Yakup Köse, bu hafta yayımlanan yazısında 28 Şubat ile alâkalı soruyor ya; “Ölenimiz şehid, kalanımız terörist mi?” diye. Biz de soralım, hakikatin hatırını herkesten ve her şeyden üstün tutan biz, siyasî iktidarın dostu muyuz, düşmanı mı? Yani daha açık bir dille ifâde edecek olursak, siyasî iktidar hakikate dost mu yoksa düşman mı? Aslına bakacak olursak bütün mesele bu.
***
28 Şubat’tan dolayı hâlen süren hukuksuzluklardan bahsederken, bu süreçte sermaye ve medyanın üstlendiği rolü de unutmamak gerek.

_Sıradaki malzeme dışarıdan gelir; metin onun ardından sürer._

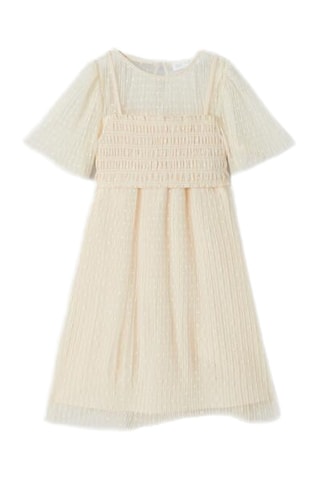 Jurk Trompe-l'œil - Beige en Wit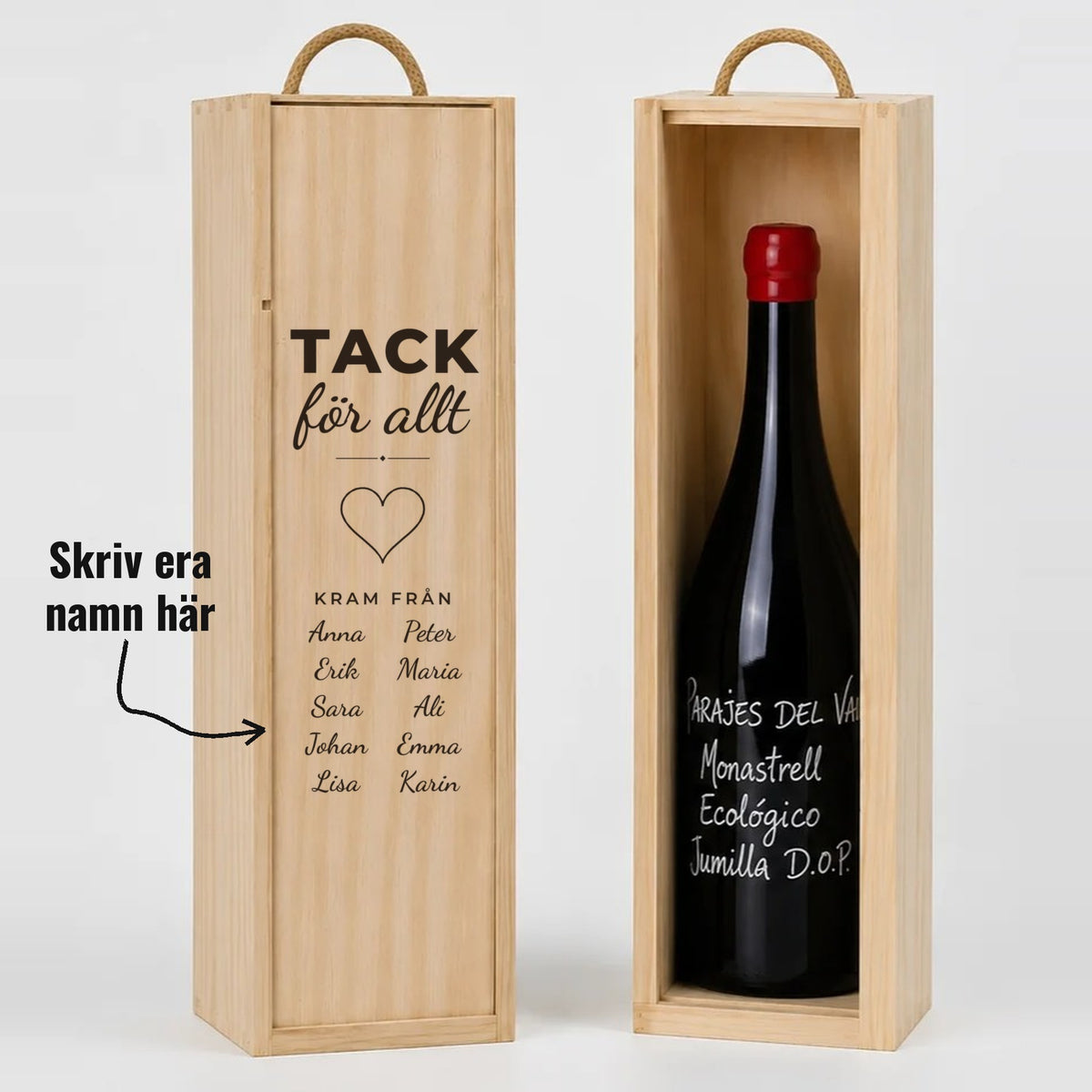 Present till kollega | Vinlåda i trä | Tack för allt | Eget tryck med namn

Ana akım medyanın askerî darbeye davetiye çıkartır mahiyetteki manşetleri ile yaşanan hukuksuzlukları meşrulaştıran yayınlarının bir bedeli olmayacak mı? Yine sermayenin bu süreçte üstlendiği rol ile 28 Şubat postmodern darbe girişiminin hemen bir kaç sene sonrasında meydana gelen ekonomik kriz ortamını fırsat bilerek devleti ve milleti soyup soğana çevirmesinin hesabı sorulmayacak mı? 28 Şubat süreci ile alâkalı tek hukuksuzluk yargılanan ve cezalandırılanlardan ibaret değil. Bu sürecin faillerinin ve bu süreçten nemalananların hâlen yargılanmamış ve cezalandırılmamış olmasından da kaynaklanan bir adaletsizlik söz konusu.
***
Biz bütün eksiklikleriyle beraber bugünkü siyasî iktidarın, en azından tepe kadrolarının samimi insanlar olduklarını biliyoruz. Fakat hakikatin yanında nasıl ve ne şekilde duracağını hâlen kestiremediklerini görmek de son derece üzücü. Bir ân evvel 28 Şubat’tan doğan mağduriyetlerin giderilmesi, bu sürecin fâilleri ve nemalananlarının cezalandırılması ve hükümetin diğer meselelerde daha tutarlı bir tavır alması, hem darbeci Kemalist kesimin bütün kuvvetinin elinden alınması hem de 2019 seçimlerini kazandıracak en büyük amil olması hasebiyle son derece ehemmiyetlidir. Tayyib Erdoğan’ın “acırsanız acınacak hale gelirsiniz” sözü son derece doğrudur.